> the trimmings
Okay, okay. I've been ridiculously silent, I know. Still consumed with the acclimation of Brand Girl and Kwas to Los Angeles. Talk about brand upheaval. But now that I've weaned everyone off the need to mapquest about, discovered that tailoring on Fairfax won't cost a Hybrid, and secured a fabulous apartment, that isn't carpeted, wall-to-wall –– I feel grounded, armed and able to get beyond the flirtations of the land of make-believe. (EEK! Did I say that out-loud?!)

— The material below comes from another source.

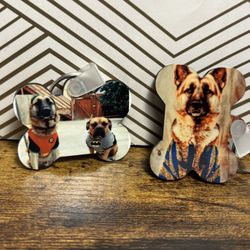 Customized Keychains Of Your Pets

The more entrenched I become with this quasi-city that sprawls across many miles, micro-markets and an average household income that is among one of the nation's lowest, the more I see the surrealism that looms as largely as the current Dali exhibition at LACMA. Yet there are still seemingly huge pockets of unjustifiable plush cropping up. Smart Car has leased a storefront on Abbot Kinney, adding more imbalance to an already off-the-charts Venice. The Blu on the outer, outer edge of Beverly Hills is clamoring for the likes of a trust funded Brand Girl, and Richard Meier is building out an eight mile kingdom that only a Diddy and entourage could possibly afford. The luxury market prevails in the city of tinsel. And these apartments are slowly filling up. Surely someone local must be buying in. But whom? Certainly, not the writers...
> the quarreling
The only thing that is currently advantageous about the WGA strike, is that you can just about get any table at any restaurant in L.A. Can we say Osteria Mozza? I'm all for folks stepping up for self, and defining boundaries that are grey (especially ones that lean black into the other side's pocket). But frankly... if the strike does go on much longer, will the short-term loss sustained on a personal level by the picketing crowd make up for the long-term gain? Never-mind the trickle down effect that is already in affect.
My sources tell me that most of the agencies will not be having holiday parties, expense accounts have already been cut, and more unemployed bartenders are prowling the streets with the already unemployed actors, –– and a striking Tina Fey. In other words, the Grinch is coming to town for Christmas. Now, the WGA strike in 1988 did effect the networks with billions of losses, but today with an evolved business model, would they again be vulnerable to such loss? And given our fondness for on-demand entertainment -- youtube, Netflix, and Ze Frank –– does their audience really mind a "time-out" on new programming, and the chance to play-catch up on Tivo? And what about the paying sponsors? At recent upfronts, we've seen them heavily balk at the pricey prime-time TV media buys as more effective and cost-efficient distribution channels open up. When momentum to the industry was halted during the last strike, among much -- we lost Moonlighting. When the smoke finally clears here, will there be trees? Or like the recent fires in southern California, will lands be barren? And if so, where will everyone be planting their seeds?
> the roasting
The democrats are roasting the democrats. The republicans are roasting the liberals. They're all roasting Hillary, but Steve Colbert -- is roasting us all. I remember once upon a time, that politics were (or was?) considered a serious subject, of high reverence. Like the Sex & Sexuality class that Sister Mary Austin taught back in High School. But seriously, how can we take any of this seriously. Seriously! Politics or a nun talking about sex! It just occurred to me that running into a presidential year doesn't help the WGA's effort, because I must admit, the hazing of candidates that filled the broadcast waves is much more entertaining then this season's Grey Anatomy. By time the Nov 2008 elections roll around, I predict, America will be bored of every candidate, confused on almost every issue (i.e., don't we already have nationalized health care?) and ultimately slap happy enough to elect Paris Hilton. So I say hell! Get those writers and Steve Colbert back to work! And support Colbert! He's witty! He's cuter than Paris! And unlike all the aforementioned, he's spinning cause IT'S HIS JOB.